Collected data entries
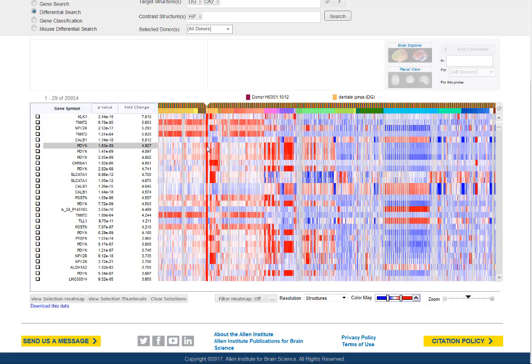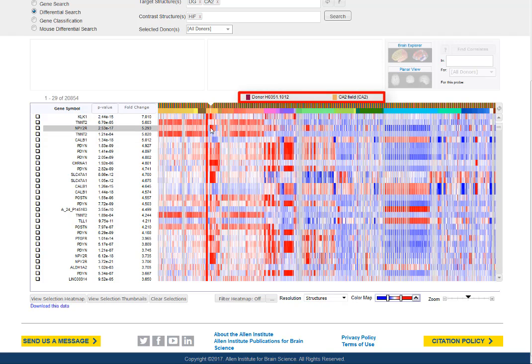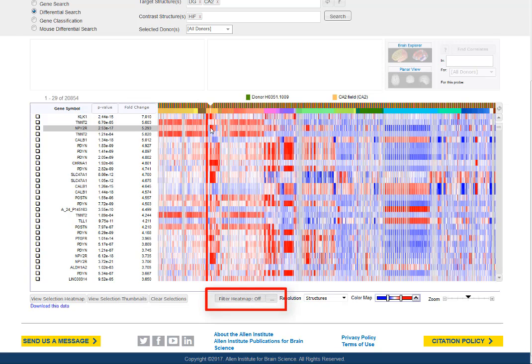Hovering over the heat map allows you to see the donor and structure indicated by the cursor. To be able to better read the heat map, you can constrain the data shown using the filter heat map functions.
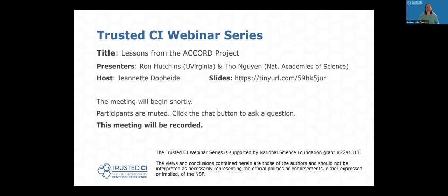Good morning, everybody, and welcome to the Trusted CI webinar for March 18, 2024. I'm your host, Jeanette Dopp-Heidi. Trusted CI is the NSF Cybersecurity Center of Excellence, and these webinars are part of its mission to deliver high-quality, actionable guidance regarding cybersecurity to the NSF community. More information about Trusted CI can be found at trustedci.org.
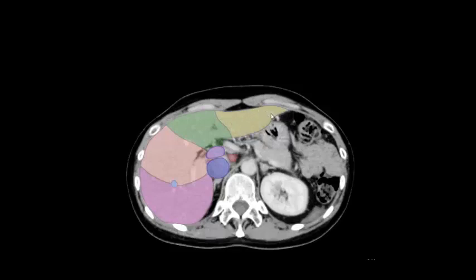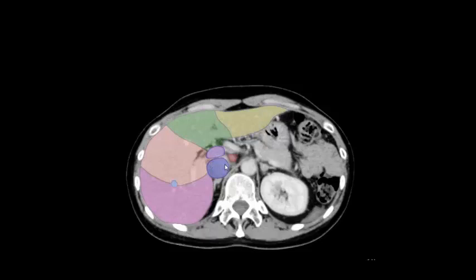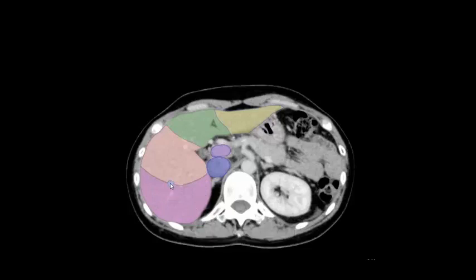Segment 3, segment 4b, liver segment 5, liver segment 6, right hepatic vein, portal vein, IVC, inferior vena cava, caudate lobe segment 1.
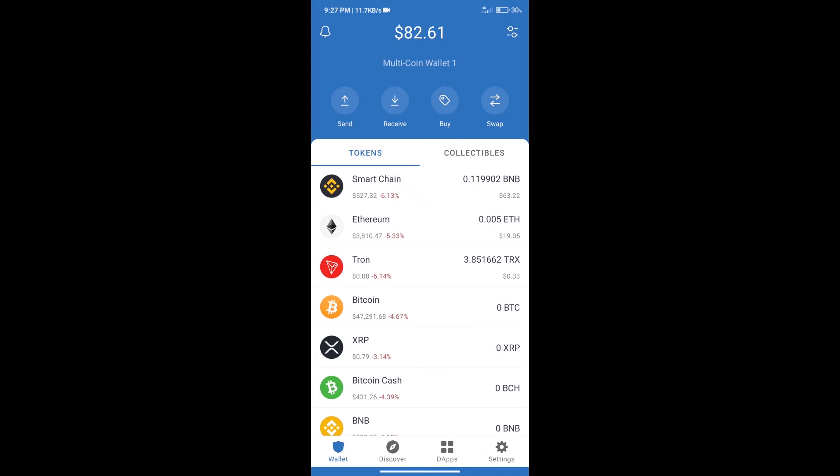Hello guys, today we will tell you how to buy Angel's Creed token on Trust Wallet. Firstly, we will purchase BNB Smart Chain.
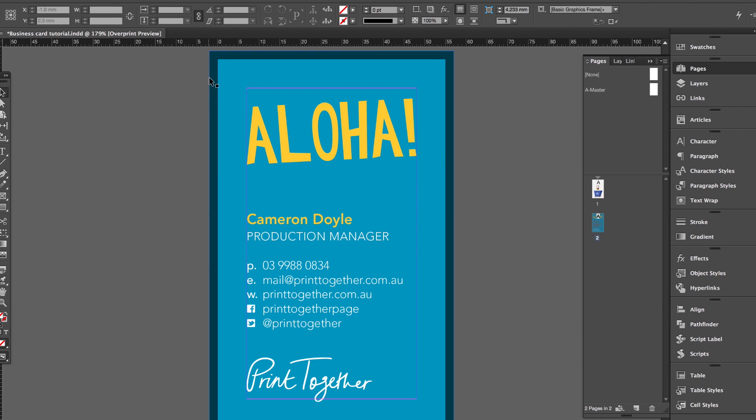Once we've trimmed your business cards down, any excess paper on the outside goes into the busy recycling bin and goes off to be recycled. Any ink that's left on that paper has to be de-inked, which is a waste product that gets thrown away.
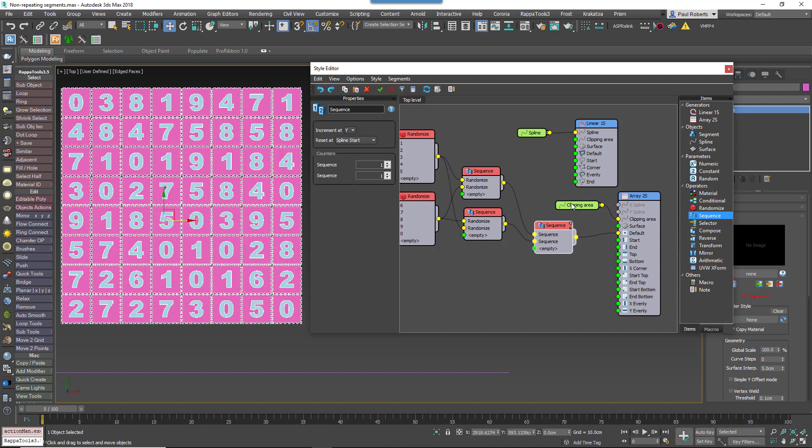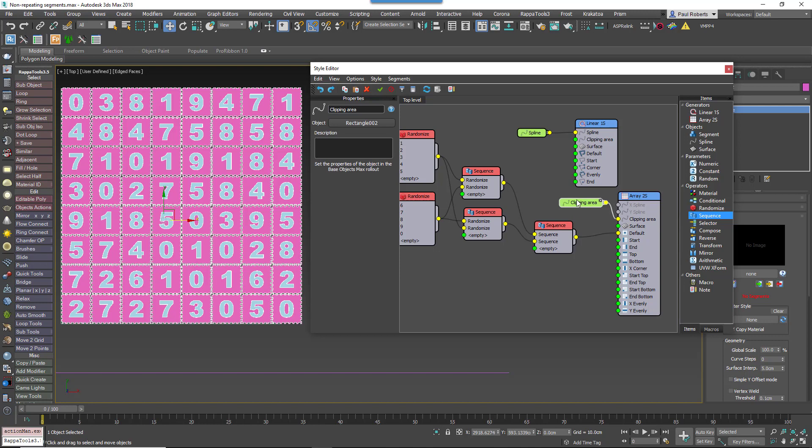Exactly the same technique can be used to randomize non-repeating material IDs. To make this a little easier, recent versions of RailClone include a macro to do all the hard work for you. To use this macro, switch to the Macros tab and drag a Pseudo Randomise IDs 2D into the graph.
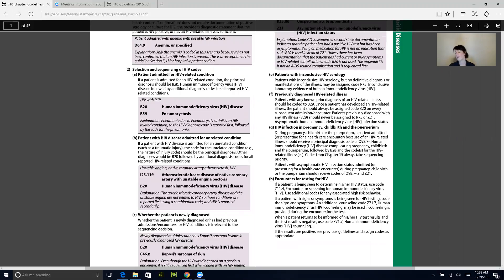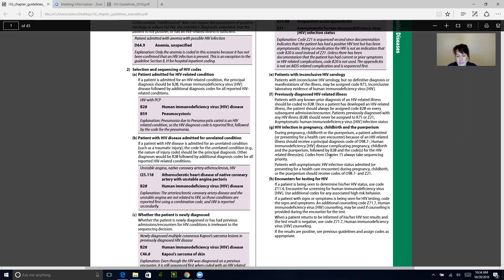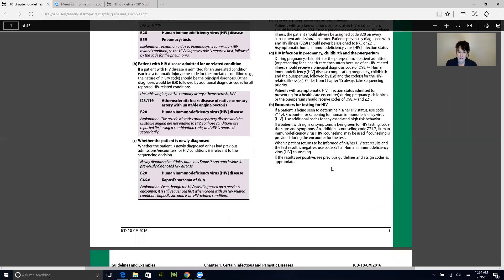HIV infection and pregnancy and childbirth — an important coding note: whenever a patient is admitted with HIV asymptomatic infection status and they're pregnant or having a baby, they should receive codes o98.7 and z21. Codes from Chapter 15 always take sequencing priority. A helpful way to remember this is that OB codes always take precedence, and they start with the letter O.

#### [EXERCISE DETAILS]
Write out every line above exactly, minus images.

#### [YOUR SOLUTION]
Hovering over the heat map allows you to see the donor and structure indicated by the cursor. To be able to better read the heat map, you can constrain the data shown using the filter heat map functions.
Good morning, everybody, and welcome to the Trusted CI webinar for March 18, 2024. I'm your host, Jeanette Dopp-Heidi. Trusted CI is the NSF Cybersecurity Center of Excellence, and these webinars are part of its mission to deliver high-quality, actionable guidance regarding cybersecurity to the NSF community. More information about Trusted CI can be found at trustedci.org.
Segment 3, segment 4b, liver segment 5, liver segment 6, right hepatic vein, portal vein, IVC, inferior vena cava, caudate lobe segment 1.
Hello guys, today we will tell you how to buy Angel's Creed token on Trust Wallet. Firstly, we will purchase BNB Smart Chain.
Once we've trimmed your business cards down, any excess paper on the outside goes into the busy recycling bin and goes off to be recycled. Any ink that's left on that paper has to be de-inked, which is a waste product that gets thrown away.
Exactly the same technique can be used to randomize non-repeating material IDs. To make this a little easier, recent versions of RailClone include a macro to do all the hard work for you. To use this macro, switch to the Macros tab and drag a Pseudo Randomise IDs 2D into the graph.
HIV infection and pregnancy and childbirth — an important coding note: whenever a patient is admitted with HIV asymptomatic infection status and they're pregnant or having a baby, they should receive codes o98.7 and z21. Codes from Chapter 15 always take sequencing priority. A helpful way to remember this is that OB codes always take precedence, and they start with the letter O.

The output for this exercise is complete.